Using the listing below, give again exactly the lines from the line with "Checkpoint Systems despliega" to the line with "Certified 2024 Ford", inclusive, without the pictures.

> DATA LISTING:
[Start of section]

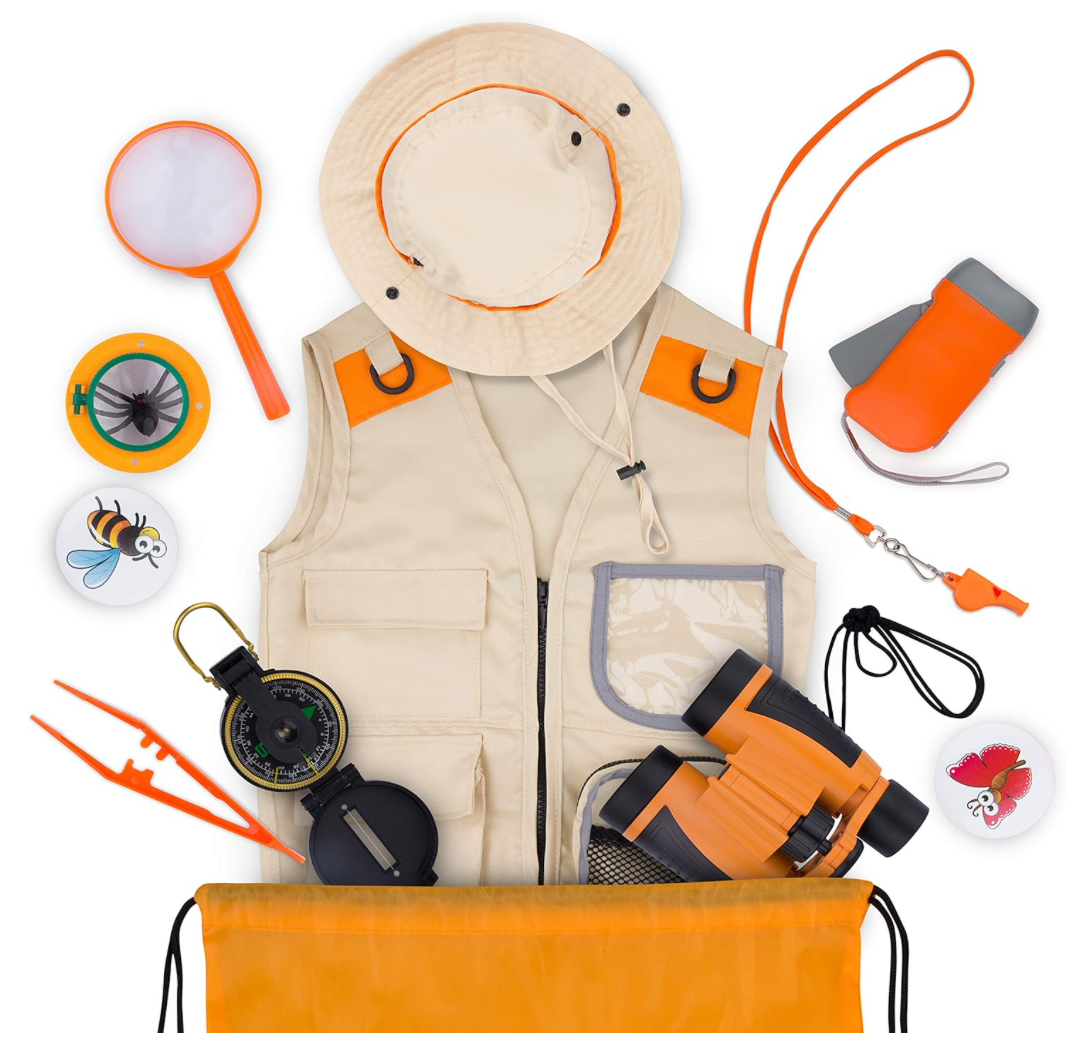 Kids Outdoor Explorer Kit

[End of section]
[Start of section]

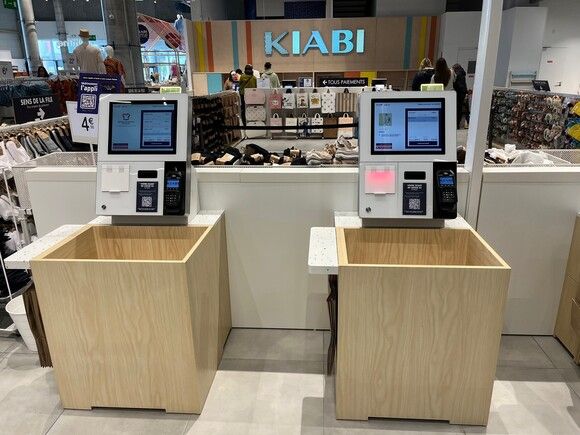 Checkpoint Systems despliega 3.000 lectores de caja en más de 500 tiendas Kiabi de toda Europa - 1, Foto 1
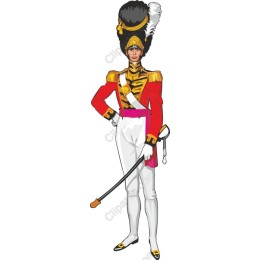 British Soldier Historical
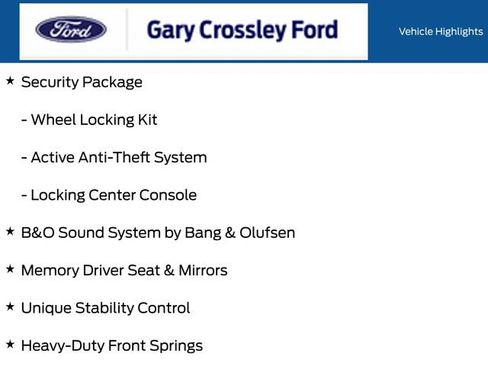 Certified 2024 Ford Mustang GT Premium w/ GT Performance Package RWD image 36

[End of section]

> RESULT FOR THIS EXERCISE:
 Checkpoint Systems despliega 3.000 lectores de caja en más de 500 tiendas Kiabi de toda Europa - 1, Foto 1
 British Soldier Historical
 Certified 2024 Ford Mustang GT Premium w/ GT Performance Package RWD image 36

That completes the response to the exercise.